### REQUIRED WORK
Without the pictures, copy all of the data exactly.

*** RECORDED DATA Section Begins ***

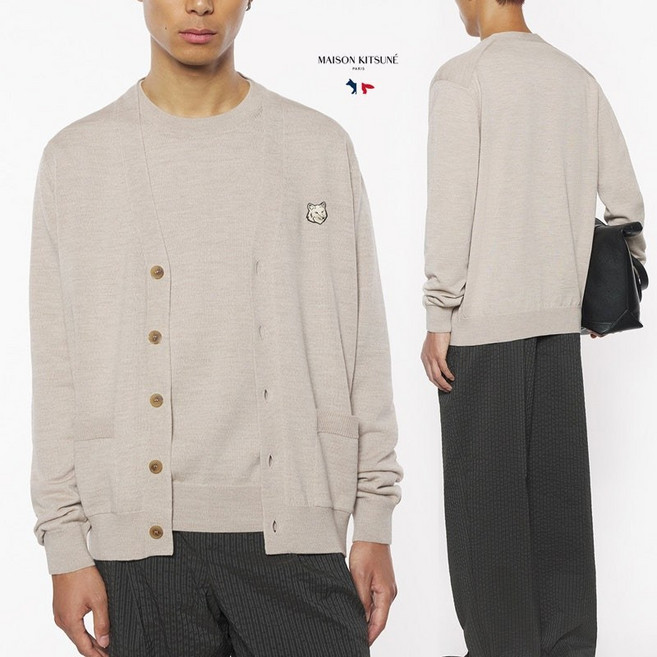 메종키츠네 BOLD 팍스 헤드 패치 레귤러 브이넥 울 가디건 0134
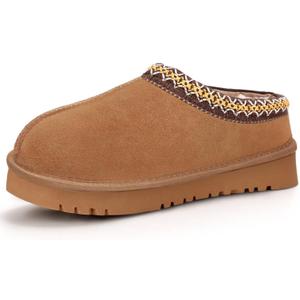 Women's Platform Slippers Winter Mini Boots Anti-Slip Suede Slip on Women Sneakers Fur Lined House Slippers for Indoor Outdoor 9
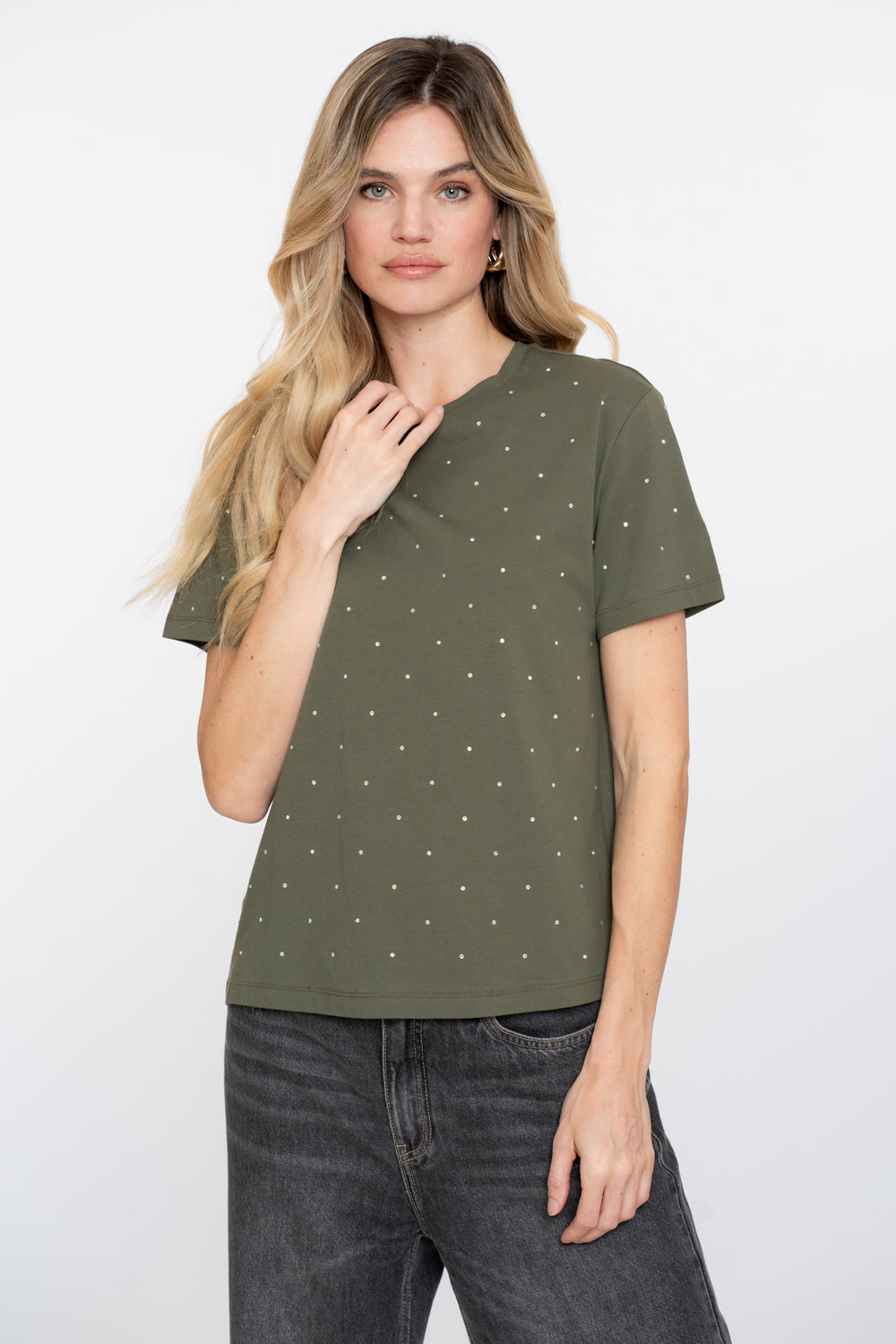 Geisha Damen-T-Shirt mit Strasssteinen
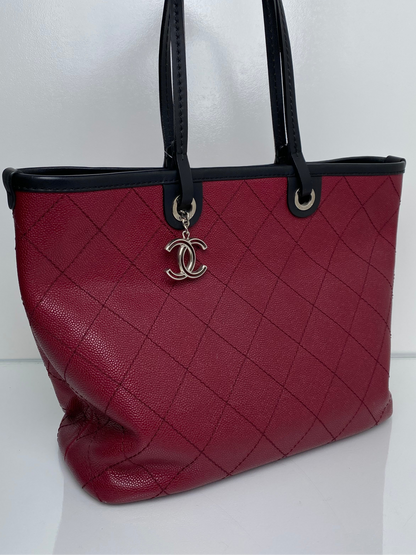 Chanel Burgundy & Black Quilted Tote Bag SHW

*** RECORDED DATA Section Ends ***

### RESULT
 메종키츠네 BOLD 팍스 헤드 패치 레귤러 브이넥 울 가디건 0134
 Women's Platform Slippers Winter Mini Boots Anti-Slip Suede Slip on Women Sneakers Fur Lined House Slippers for Indoor Outdoor 9
 Geisha Damen-T-Shirt mit Strasssteinen
 Chanel Burgundy & Black Quilted Tote Bag SHW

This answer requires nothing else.